JAKARTA, iNewsBandungRaya.id - PT KTC Coal Mining Energy memenangkan persidangan arbitrase dalam putusan kasus klaim asuransi terhadap salah satu perusahaan anak Badan Usaha Milik Negara (BUMN), PT Asuransi Perisai Listrik Nasional (PT APLN).
Dalam putusan arbitrase, PT APLN harus membayar Rp50 miliar lebih kepada PT KTC selaku pemohon. Sebelumnya, PT KTC menuntut APLN membayar klaim asuransi Rp100 miliar lebih.
"Putusan perkara arbitrase ad hoc mewajibkan PT APLN yang dulunya bernama PT Asuransi Tugu Kresna Pratama membayar Rp50.050.810.476 kepada PT KTC," kata kuasa hukum PT KTC dari Kantor Hukum Vasilias Provadisma & CO Friska Fitria Dwiyetsy dalam keterangannya, Sabtu (1/11/2024).
Namun hingga saat ini, ujar Friska, PT APLN tidak memiliki itikad baik untuk menjalankan putusan arbitrase dan tidak membayar klaim asuransi PT KTC. Friska mendesak PT APLN untuk segera membayar klaim asuransi tersebut.
"Tapi tidak memberikan itikad baik membayar kewajiban hukum klaim asuransi PT KTC," ujar Friska.
Friska menuturkan, putusan arbitrase menyatakan PT APLN terbukti melakukan perbuatan wanprestasi (ingkar janji) dalam kasus penolakan klaim asuransi tertanggung.
"Menyatakan termohon melakukan wanprestasi atau ingkar janji terhadap Marine Cargo Import Insurance Policy No.12C02071800001/Polis No. 2C020718000, dengan ini menghukum dan memerintahkan termohon untuk membayar klaim asuransi Rp50.050.810.476 kepada pemohon secara tunai atau lunas," tutur Friska.
"Bersama ini kami sampaikan salinan Otentik Putusan Arbitrase Ad Hoc antara PT KTC Coal Mining dan Energy sebagian pemohon melawan PT Asuransi Perisai Listrik Nasional (PT APLN) sebagai termohon tanggal 29 Agustus 2023 dan telah didaftarkan di Pengadilan Negeri Jakarta Selatan pada 25 September 2023 dengan register Nomor: 18/ARB/HKM/2023/PN. JAKSEL," ucapnya.
Friska menyatakan, kasus klaim asuransi ini bermula PT KTC selaku tertanggung mengasuransikan isi kargo kepada PT APLN selaku penanggung asuransi.
Kemudian, terjadi peristiwa tenggelamnya objek pertanggungan pada 7 Juli 2018 dan mengajukan klaim asuransi. Akan tetapi, PT APLN menolak dengan berbagai alasan. Bahkan mencari-cari alasan agar tidak membayar tanggungan asuransi tersebut.

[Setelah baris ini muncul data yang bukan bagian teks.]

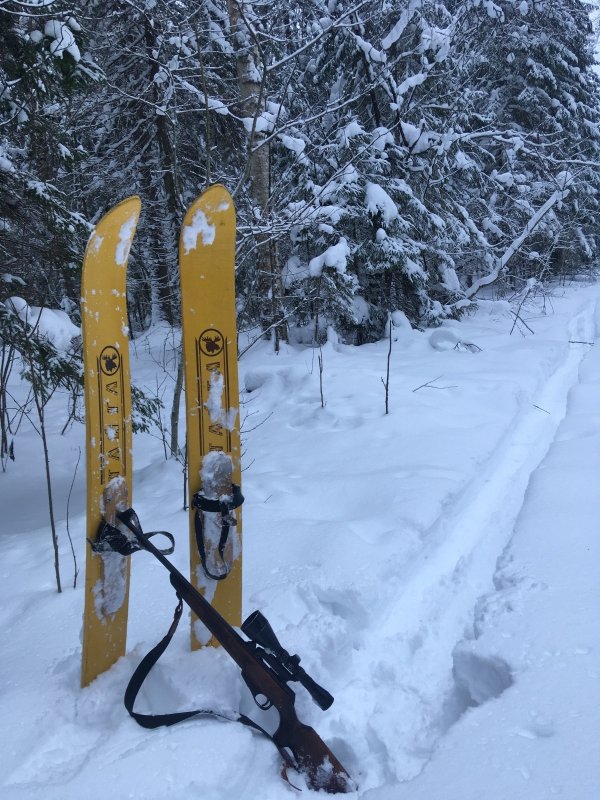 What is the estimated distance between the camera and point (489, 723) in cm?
193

"Pada 23 Juli 2018 mengajukan klaim asuransi kepada PT APLN. Pengajuan baru direspon tanggal 28 Desember 2018 dalam jawabannya PT APLN menolak klaim asuransi dengan alasan yang tidak masuk akal," ujar Friska.

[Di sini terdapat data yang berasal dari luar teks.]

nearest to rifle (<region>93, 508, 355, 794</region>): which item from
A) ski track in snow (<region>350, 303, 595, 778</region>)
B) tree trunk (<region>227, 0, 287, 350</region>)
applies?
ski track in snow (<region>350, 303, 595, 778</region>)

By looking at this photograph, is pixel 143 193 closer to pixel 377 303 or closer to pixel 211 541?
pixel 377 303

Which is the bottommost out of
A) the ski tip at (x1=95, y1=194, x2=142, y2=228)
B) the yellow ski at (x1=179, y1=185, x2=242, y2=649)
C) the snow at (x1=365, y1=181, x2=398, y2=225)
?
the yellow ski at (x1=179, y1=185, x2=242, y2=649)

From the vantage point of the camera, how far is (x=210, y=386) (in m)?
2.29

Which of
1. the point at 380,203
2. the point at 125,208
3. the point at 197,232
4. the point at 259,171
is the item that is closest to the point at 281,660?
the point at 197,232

Atas dasar tersebut, PT KTC menempuh jalur hukum menggugat PT APLN ke PN Jaksel pada tahun 2019. PN Jaksel tahun 2024 melalui putusan Arbitrase bahwa perusahaan plat merah tersebut diwajibkan untuk membayar klaim asuransi PT KTC tersebut dengan lunas.

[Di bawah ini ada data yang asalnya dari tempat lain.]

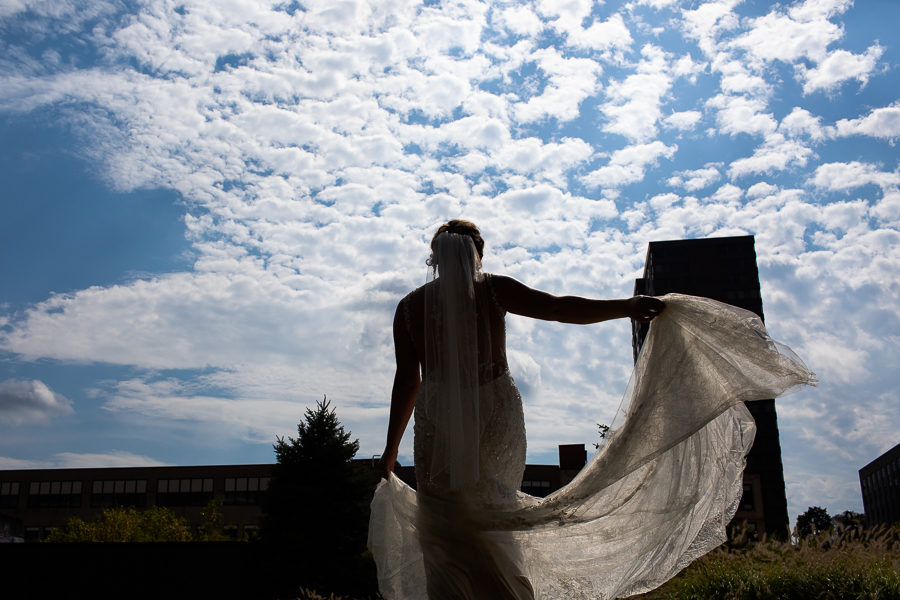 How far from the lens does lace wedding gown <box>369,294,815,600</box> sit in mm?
3047

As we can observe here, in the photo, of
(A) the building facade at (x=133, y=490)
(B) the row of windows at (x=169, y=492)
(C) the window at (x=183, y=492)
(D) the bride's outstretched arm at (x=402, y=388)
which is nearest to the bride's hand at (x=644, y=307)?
(D) the bride's outstretched arm at (x=402, y=388)

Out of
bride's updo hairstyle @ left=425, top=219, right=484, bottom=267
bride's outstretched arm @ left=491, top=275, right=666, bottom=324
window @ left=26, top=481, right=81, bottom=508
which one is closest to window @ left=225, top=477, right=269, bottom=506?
window @ left=26, top=481, right=81, bottom=508

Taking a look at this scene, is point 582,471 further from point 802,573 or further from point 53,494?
point 53,494

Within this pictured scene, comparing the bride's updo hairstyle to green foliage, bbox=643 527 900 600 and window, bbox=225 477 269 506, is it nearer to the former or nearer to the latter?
green foliage, bbox=643 527 900 600

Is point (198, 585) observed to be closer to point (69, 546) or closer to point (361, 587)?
point (69, 546)

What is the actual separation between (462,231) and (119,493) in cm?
7030

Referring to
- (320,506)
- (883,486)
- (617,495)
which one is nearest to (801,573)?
(617,495)

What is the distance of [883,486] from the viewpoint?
3826 inches

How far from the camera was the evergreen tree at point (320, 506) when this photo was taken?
22406mm

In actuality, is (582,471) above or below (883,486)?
above

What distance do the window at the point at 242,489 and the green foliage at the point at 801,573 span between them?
62.1 meters

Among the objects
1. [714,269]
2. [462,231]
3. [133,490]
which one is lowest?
[133,490]

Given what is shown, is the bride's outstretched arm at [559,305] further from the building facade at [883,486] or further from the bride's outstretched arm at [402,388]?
the building facade at [883,486]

Menurut Friska, dalam pasal 40 yang mengatur proses penyelesaian klaim asuransi yang sudah dilimpahkan ke pengadilan, paling lambat perusahaan asuransi membayar klaim tersebut selama 30 hari.
"Seharusnya PT APLN sudah berkewajiban membayarkan pembayaran klaim paling lambat tiga puluh hari setelah keluarnya putusan arbitrase yang berkekuatan hukum tetap, tapi sampai 429 hari PT APLN tidak membayar klaim asuransi ke PT KTC," tuturnya.
Friska menyesalkan sikap Otoritas Jasa Keuangan (OJK) RI yang belum mencabut izin usaha PT APLN karena tidak membayar klaim asuransi. Padahal, hal tersebut diatur dalam Pasal 77 Ayat (1) POJK Nomor 69 tahun 2016.
"Pasal ini mengatur yang seharusnya OJK memberikan peringatan tertulis atau pencabutan izin usaha kepada PT APLN karena sudah melanggar aturan Pasal yang di atas. Kemudian PT APLN sebagai pelaku usaha jasa keuangan juga telah melanggar Pasal 53 Ayat (1) peraturan OJK No.1/POJK.07/2013 tentang perlindungan sektor jasa keuangan," ucap Friska.